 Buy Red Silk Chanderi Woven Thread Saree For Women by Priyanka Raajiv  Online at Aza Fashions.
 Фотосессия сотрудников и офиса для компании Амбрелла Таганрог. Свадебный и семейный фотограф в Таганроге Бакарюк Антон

•••

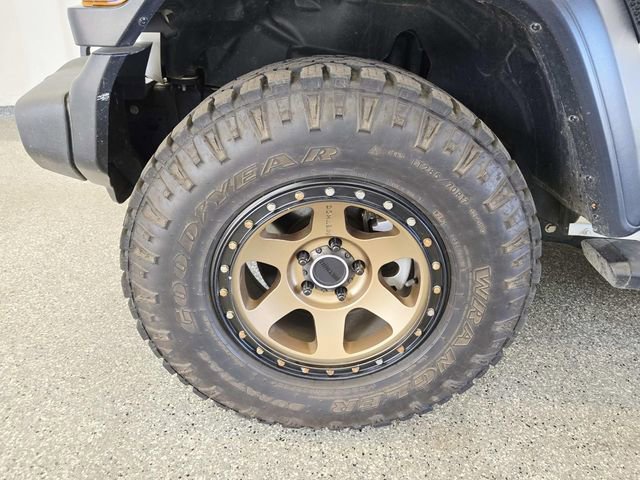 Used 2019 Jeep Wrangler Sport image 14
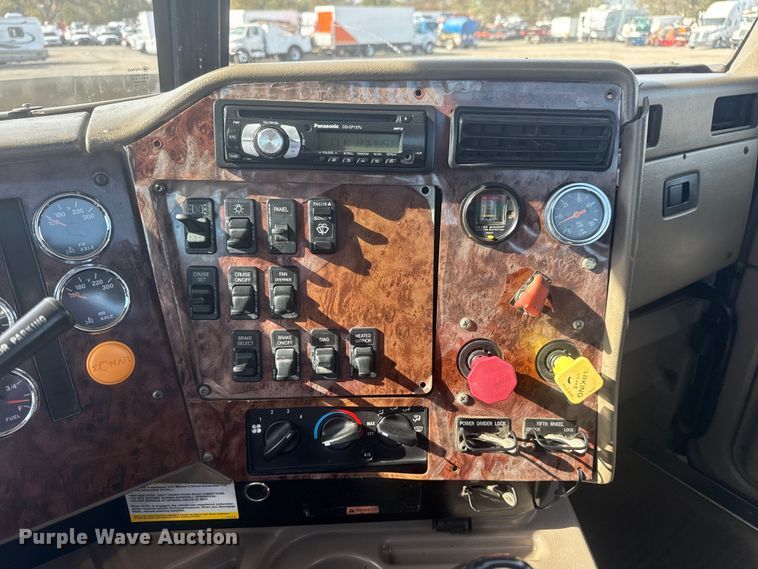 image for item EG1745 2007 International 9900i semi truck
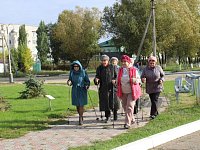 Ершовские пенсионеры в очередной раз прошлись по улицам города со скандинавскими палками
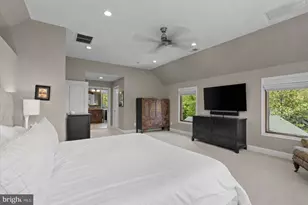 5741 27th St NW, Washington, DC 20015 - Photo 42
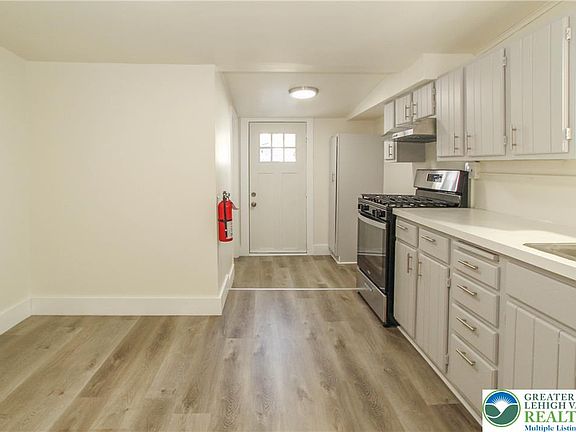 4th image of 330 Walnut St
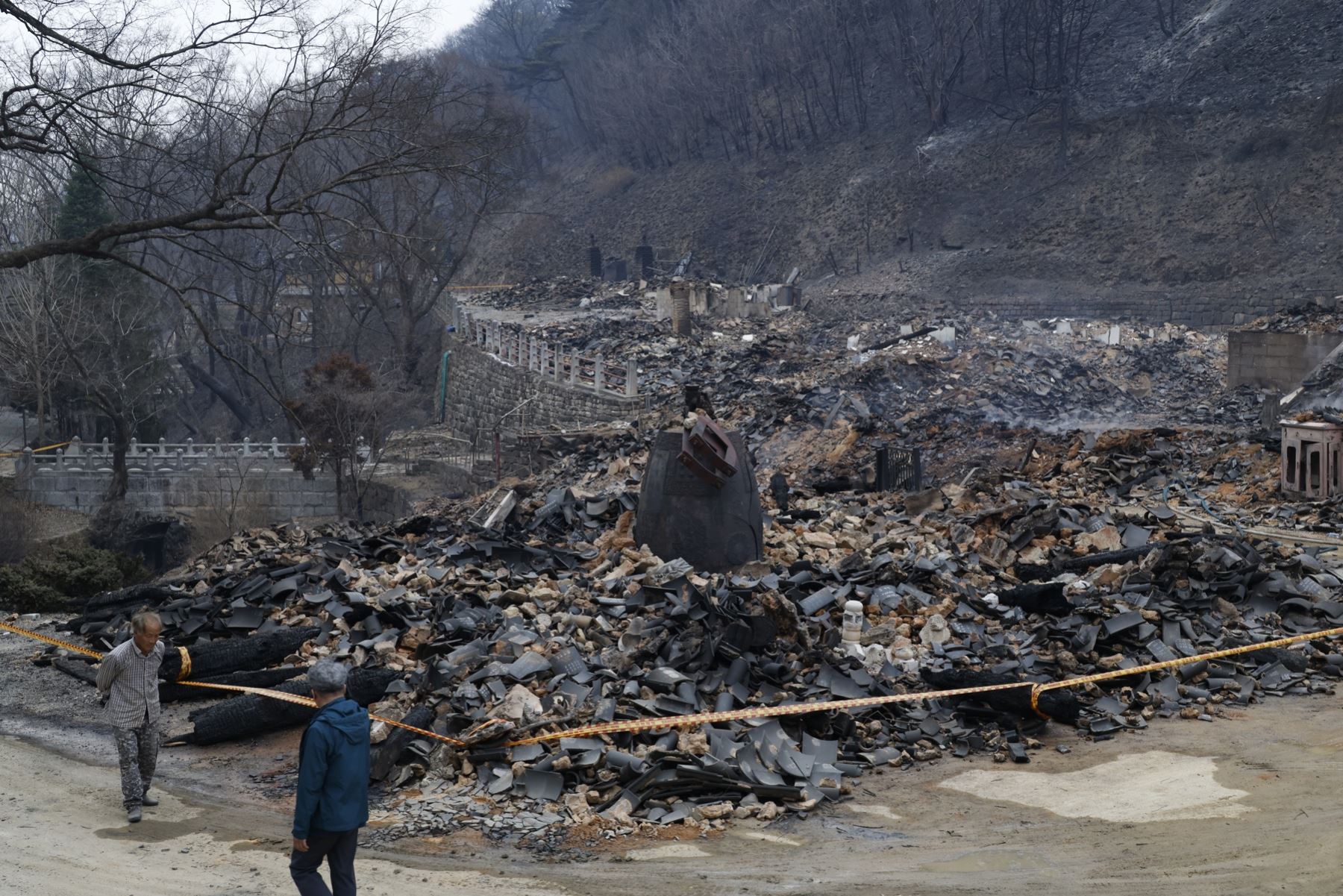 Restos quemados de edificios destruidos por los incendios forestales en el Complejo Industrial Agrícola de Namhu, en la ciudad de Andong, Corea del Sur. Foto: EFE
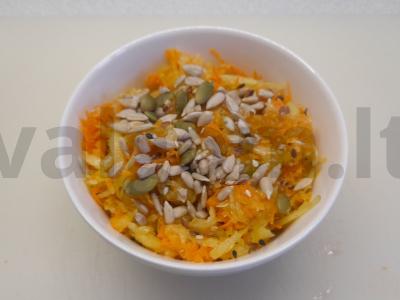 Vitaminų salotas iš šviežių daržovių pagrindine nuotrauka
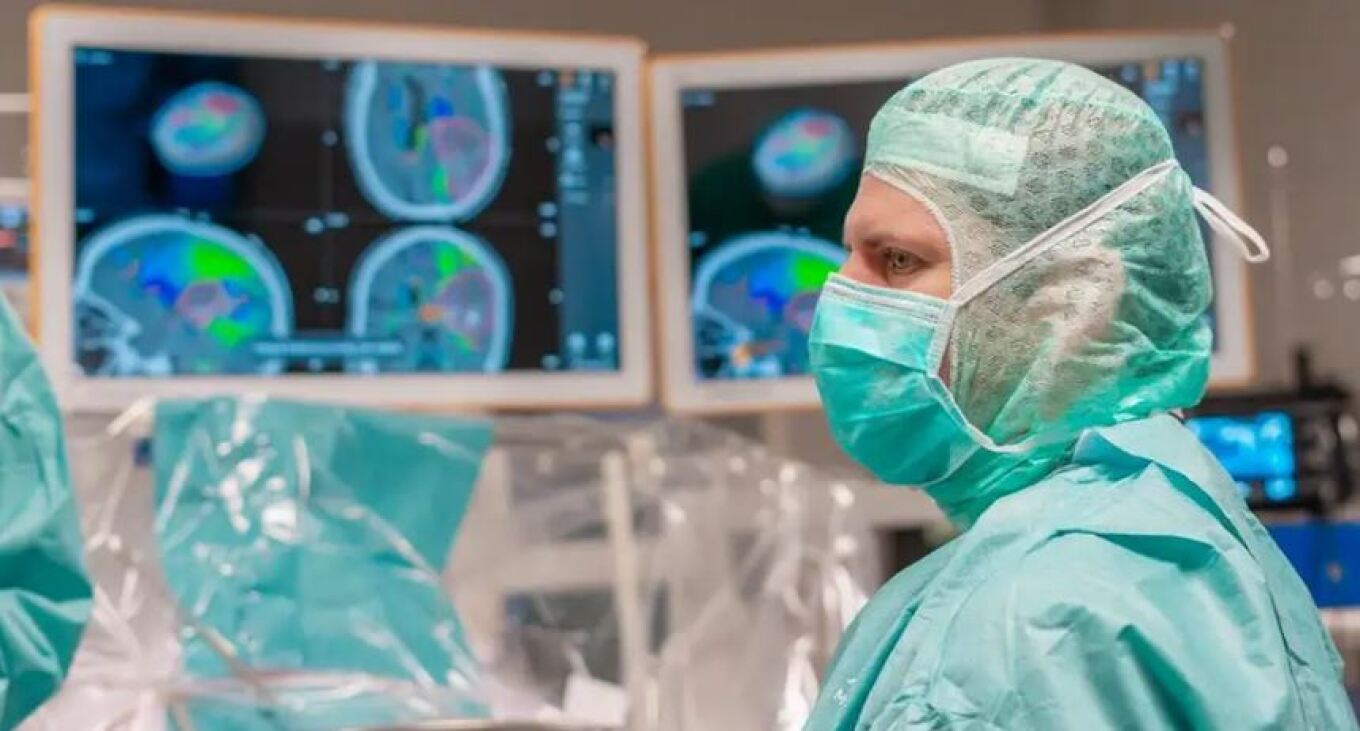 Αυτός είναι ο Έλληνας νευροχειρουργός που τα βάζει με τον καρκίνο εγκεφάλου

•••

_Exercise brief_
Word for word, restate the lines above from the one with "Used 2019 Jeep Wrangler Sport image 14" through the one with "Restos quemados de", keeping both ends and dropping the pictures.

_Answer space_
 Used 2019 Jeep Wrangler Sport image 14
 image for item EG1745 2007 International 9900i semi truck
 Ершовские пенсионеры в очередной раз прошлись по улицам города со скандинавскими палками
 5741 27th St NW, Washington, DC 20015 - Photo 42
 4th image of 330 Walnut St
 Restos quemados de edificios destruidos por los incendios forestales en el Complejo Industrial Agrícola de Namhu, en la ciudad de Andong, Corea del Sur. Foto: EFE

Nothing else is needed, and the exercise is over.